The Irish premier also restated that the EU is prepared to amend the political declaration on its future relationship with the UK if Mrs May’s red lines shift.
Labour have demanded the government negotiate a post-Brexit customs union with the EU, but the prime minister is under pressure not to accept the opposition’s position from a large number of her own MPs.
In an interview with Sky News, Defence Secretary Gavin Williamson failed to say whether he would accept membership of a customs union in order to strike a deal with Labour.
He said: “The House of Commons has a choice. It has a choice of accepting a deal that doesn’t include the customs union, is able to deliver Britain’s exit from the EU swiftly, and I very much hope it takes the opportunity to do that.
“But, of course, the prime minister quite is rightly talking across the political spectrum to ensure Britain exits the EU in the time as swiftly as everyone wishes to see it.”

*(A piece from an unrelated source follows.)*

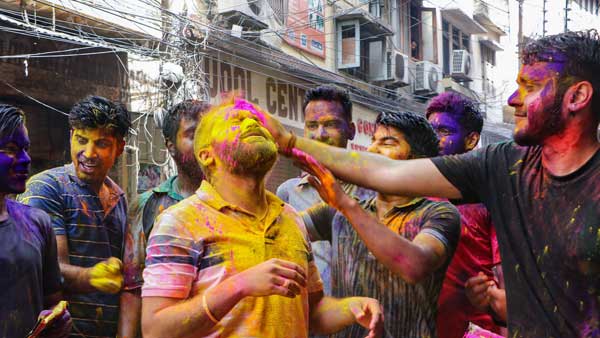 కాశీలో చితా భస్మంతో హోలీ ఆడుకునే విచిత్ర ఆచారం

Labour leader Jeremy Corbyn, who was present alongside Mrs May at the first round of cross-party Brexit talks on Wednesday, is also facing competing pressures on how to approach the talks.

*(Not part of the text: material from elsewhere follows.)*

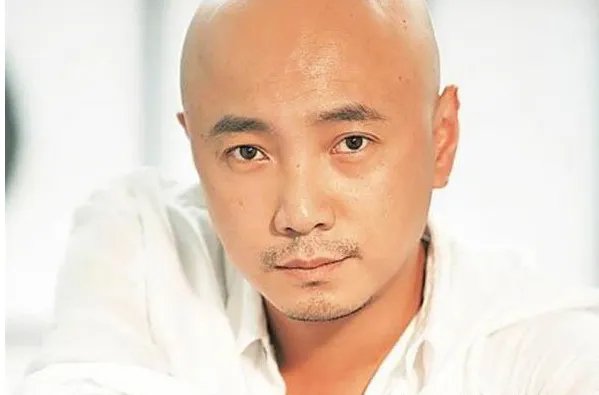 徐峥暴打女记者为何网友反倒支持他？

Despite a large part of his party backing a second EU referendum, a group of 25 MPs wrote to him on Thursday to urge him not to demand a confirmatory public vote in the discussions with the government.
Late on Thursday, the prime minister appointed Tory deputy chair James Cleverly as a Brexit minister to replace Chris Heaton-Harris, who resigned earlier this week in protest at Mrs May’s decision to seek a further delay to the UK’s exit from the EU.
Kevin Foster was also appointed to the Wales Office to replace Nigel Adams, who quit the government over the prime minister’s shift to negotiating with Labour over a Brexit deal.